第七章:大学一年生 移ろう季節

 高校の卒業式での鵯の様子がおかしかったことは、よく、鈍感と言われる西井で さえ気付いていた。

 これまでの卒業式なら「最後だから」と一緒にいてくれるはずなのに、今日はやたらと他の同級生と一緒にいる。まるで、西井を避けるように。

 それに加えて、あからさまなまでの明るい笑顔と明るい声。今ならわかる。あれは鵯の『仮面』だ。偽物だ。演技だ。

(なんでだろう?)

 首を傾げて、考える。どうして、鵯が演技などしなければならない? いや、演技は前からしていたけれど、西井が見てもわかるくらい、普段より分厚い仮面をつけて接するなんて、何があったんだろう。

 前述したとおり、鵯は自分から西井の方に来ることはなく、他の誰かへ向けて、ガチガチに仮面で武装した笑顔を浮かべている。

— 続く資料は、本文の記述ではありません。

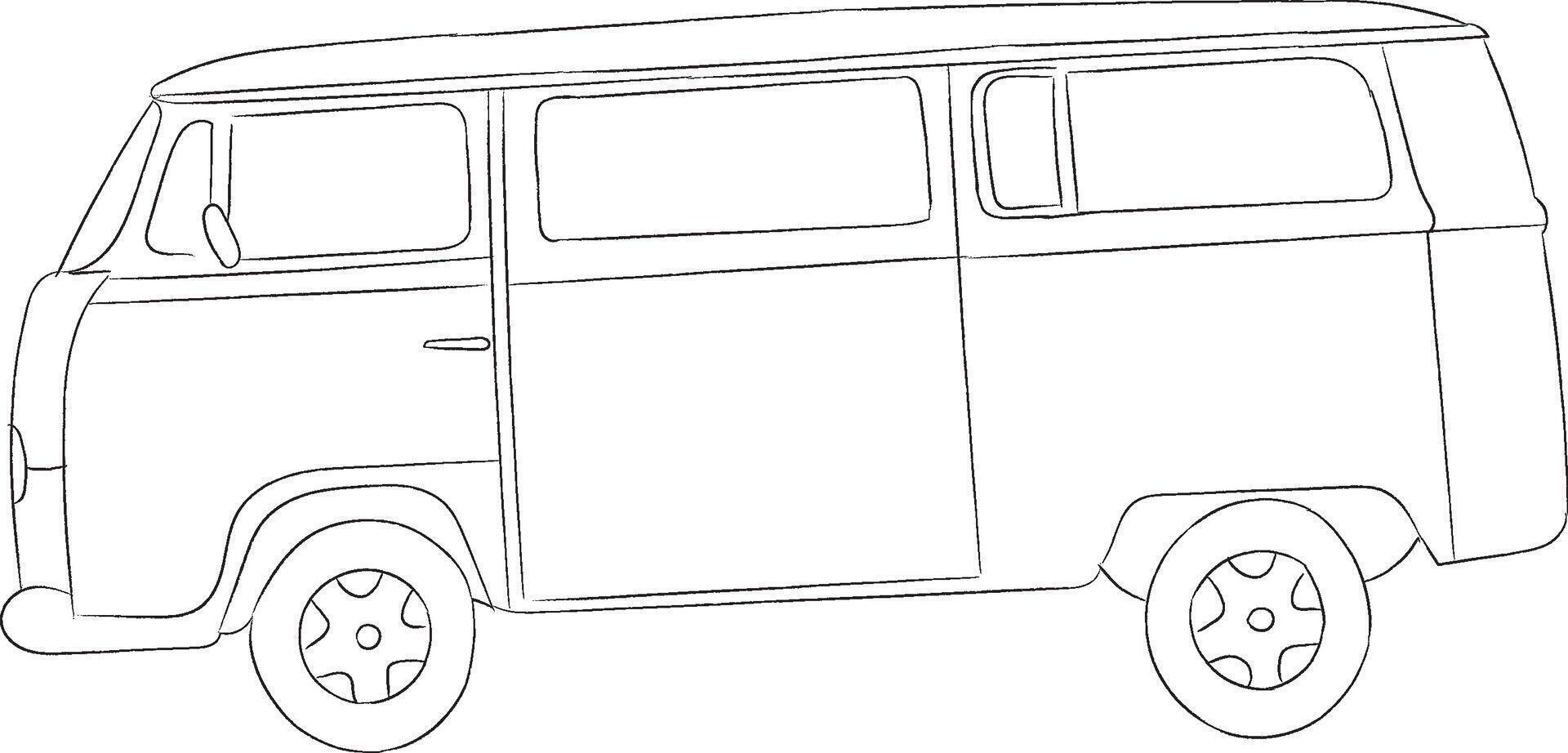 simple van drawing vector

それを見て、西井は違和感にむむむと唸った。

(卒業式が済んだら京都に引っ越しちゃうから、みんなとお別れしてるのかな……)

 考えても思い浮かぶのはそれくらいで、同時に、

(……だったら俺にも話しかけに来てほしいなあ……)

 と、話しかけてもらえる同級生を羨ましく思う、

(あ、でも俺は後で連絡先教えてもらえるもんね。式が終わったらゆっくり話せばいっか)

 そうだ、そうに違いない。

 だから西井は、鵯のお別れを邪魔しないことに決めた。

 せめて記念にと写真班を連れて行ったけれど、それ以上は介入しなかった。

 そのことを後悔するのは、しばらく先のことである。



*…***…*



 連絡先を教えてもらえるから、後でゆっくり話せる。

 そう思ってたのは、たった数日の間だけだった。

 鵯からの連絡はない。

「…………」

 今日も鳴らないスマホを見ていると、着信があった。日和からだ! 飛び上がって喜んだが、ディスプレイには『学校』とあった。出てみると元担任からで、卒業アルバムが完成したということだった。郵送でも構わないと元担任は言っていたが、別にそこまでしてもらうのも悪い。定期の期限も残っていたし、散歩がてら学校まで取りに行くこととした。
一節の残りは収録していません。